There is nothing more precise than a Swiss watch — besides the pattern of development of the nematode worm Caenorhabditis elegans, one of the most studied and useful animal models. The postembryonic development of C. elegans entails passage through four accurately coordinated larval stages (L1–L4) interspersed with moults. In the mid‑1980s, many scientists were interested in genetic aberrations that could alter the precise timing of C. elegans development. Genes that, when manipulated, could delay or advance the nematode’s cell cycle and developmental-stage progression were called heterochronic genes. As expected at the time, most of these genes encode proteins.

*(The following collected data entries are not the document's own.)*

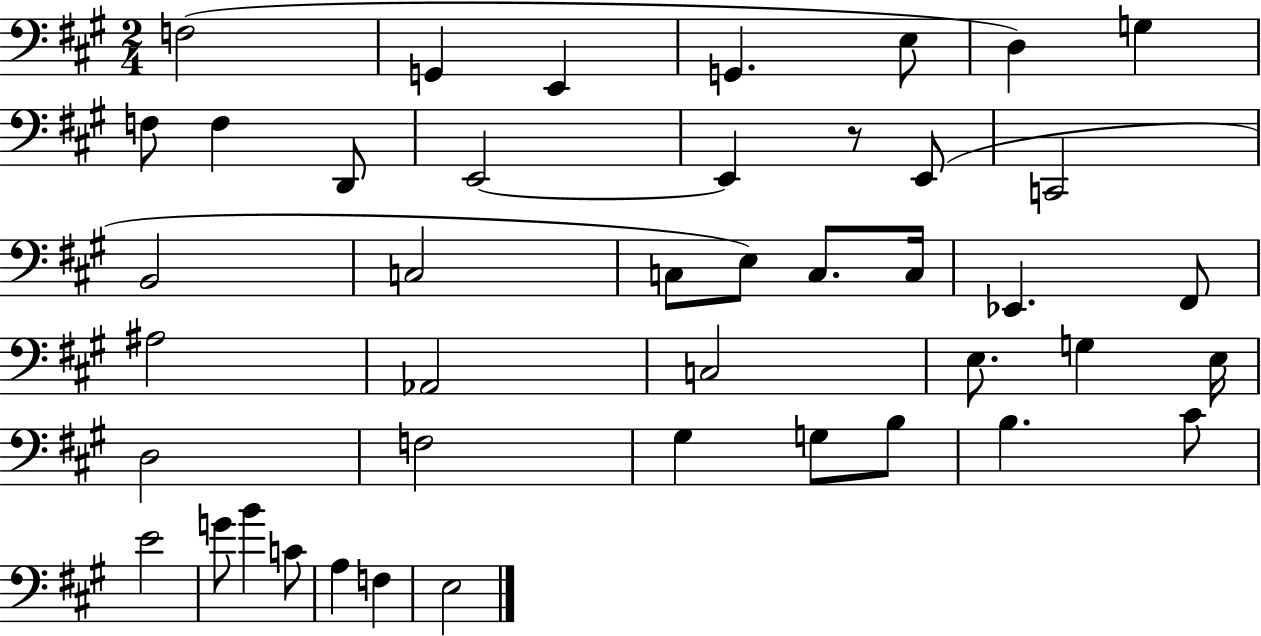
F3/h G2/q E2/q G2/q. E3/e D3/q G3/q F3/e F3/q D2/e E2/h E2/q R/e E2/e C2/h B2/h C3/h C3/e E3/e C3/e. C3/s Eb2/q. F#2/e A#3/h Ab2/h C3/h E3/e. G3/q E3/s D3/h F3/h G#3/q G3/e B3/e B3/q. C#4/e E4/h G4/e B4/q C4/e A3/q F3/q E3/h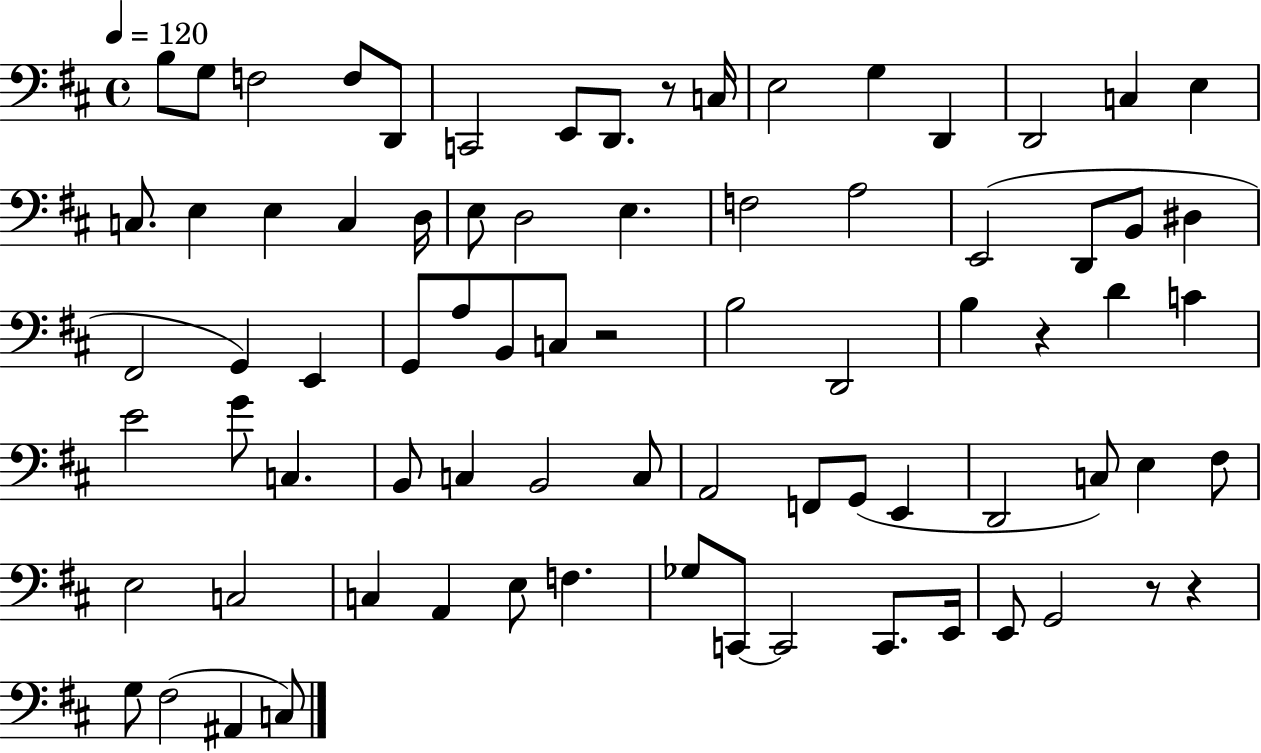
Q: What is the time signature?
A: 4/4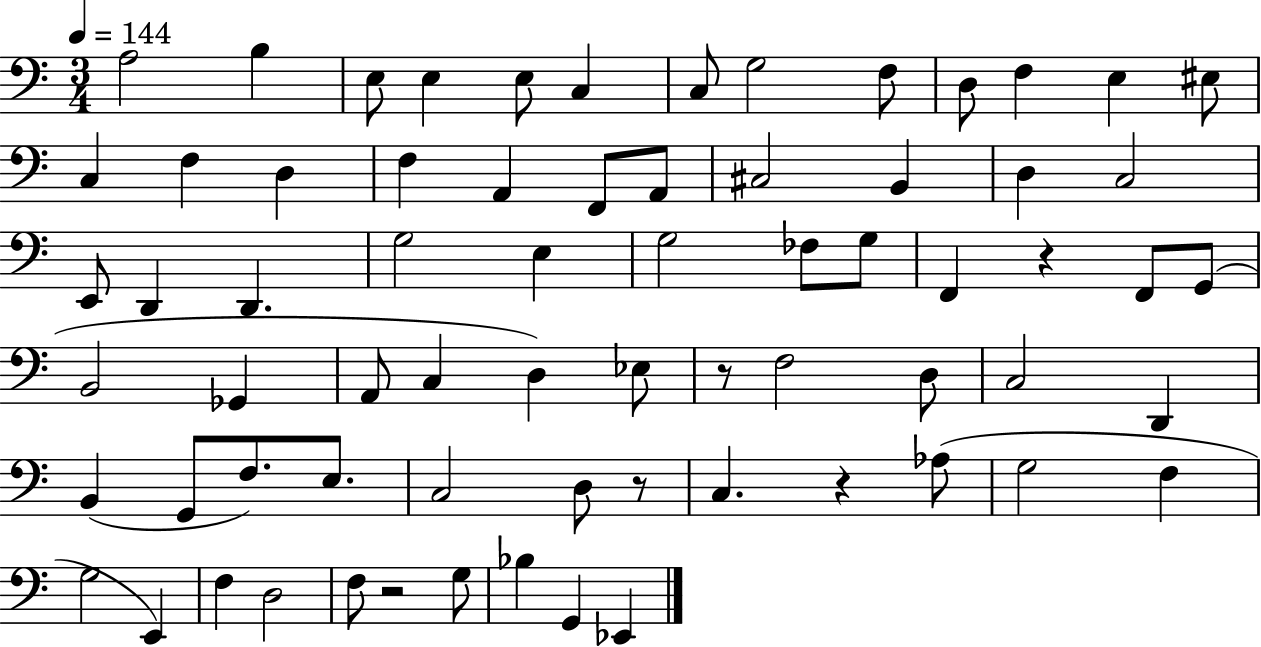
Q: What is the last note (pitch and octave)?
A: Eb2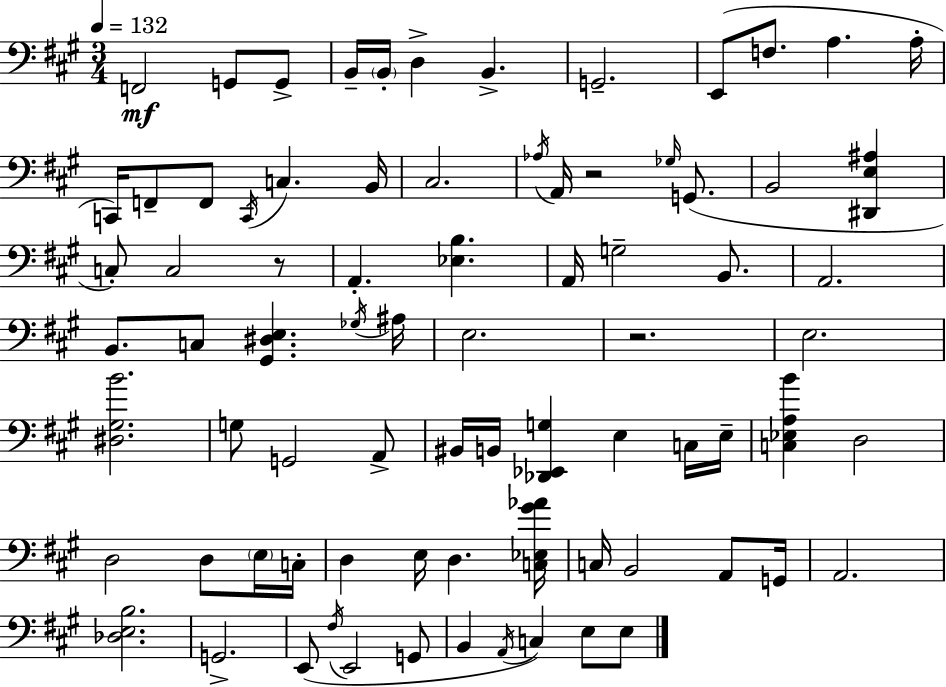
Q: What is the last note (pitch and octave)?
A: E3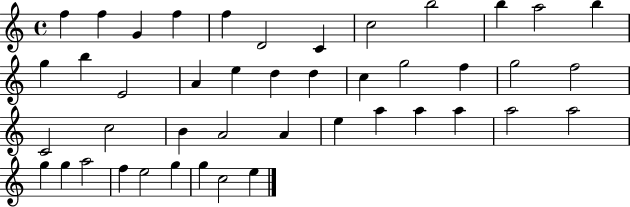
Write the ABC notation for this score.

X:1
T:Untitled
M:4/4
L:1/4
K:C
f f G f f D2 C c2 b2 b a2 b g b E2 A e d d c g2 f g2 f2 C2 c2 B A2 A e a a a a2 a2 g g a2 f e2 g g c2 e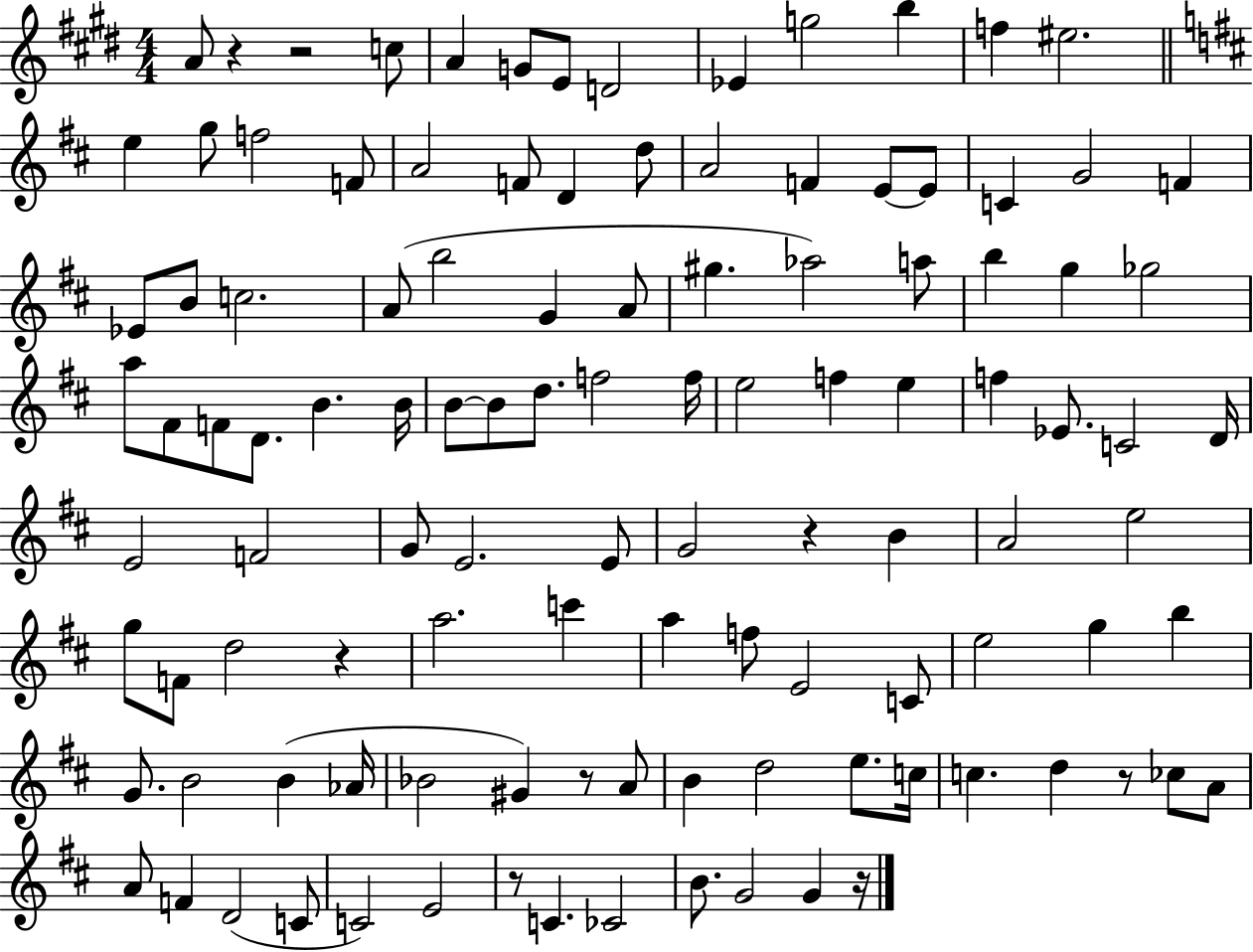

In 1993, Victor Ambros and colleagues demonstrated that downregulation of the protein LIN‑14 was crucial for the progression from the first larval stage (L1) to the second larval stage (L2). Loss‑of‑function mutations in lin‑14 cause C. elegans to skip a beat, starting development from L2. On the other hand, mutations in another gene, lin‑4, halted developmental progression indefinitely at the L1 stage. Surprisingly, lin‑4 did not encode a protein; instead, it is transcribed into a small non-coding RNA with sequence complementarity to the 3ʹ untranslated region (3ʹ UTR) of lin‑14. Lin‑4 was the first microRNA to be discovered.
At the same time, Gary Ruvkun and colleagues showed that binding of lin-4 to the 3ʹ UTR is essential for LIN‑14 downregulation. Both teams correctly hypothesised that lin‑4 pairs through antisense complementarity to the 3ʹ UTR of lin‑14, and forms an RNA duplex that leads to translational repression of lin‑14. Although lin-4 binding did not affect the overall mRNA levels of lin‑14, it decreased LIN‑14 protein expression, subsequently causing progression from L1 to L2.
This novel mechanism of post-transcriptionally regulating gene expression was shown, in both articles, to be conserved in several worm species, but at the time it was mostly thought to be a nematode oddity. During the 1990s, a second microRNA regulating C. elegans development was identified and named let‑7. In the case of let‑7 mutant nematodes, larvae stopped just short of becoming adult worms. Lin-4 and let-7 were quite different from each other but, in 2000, Ruvkun and colleagues found homologues in the genomes of Drosophila melanogaster and Homo sapiens. Although humans have no heterochronic genes, fruit flies do, and the temporal expression profile of let‑7 was shown to be conserved between worms and fruit flies.
Since the discovery of lin‑4 and let‑7, many microRNAs have been identified. This family of small non-coding RNAs is involved in the regulation of diverse biological processes, and includes many potential therapeutic targets — not bad for what were originally thought to be mere worm time-keepers.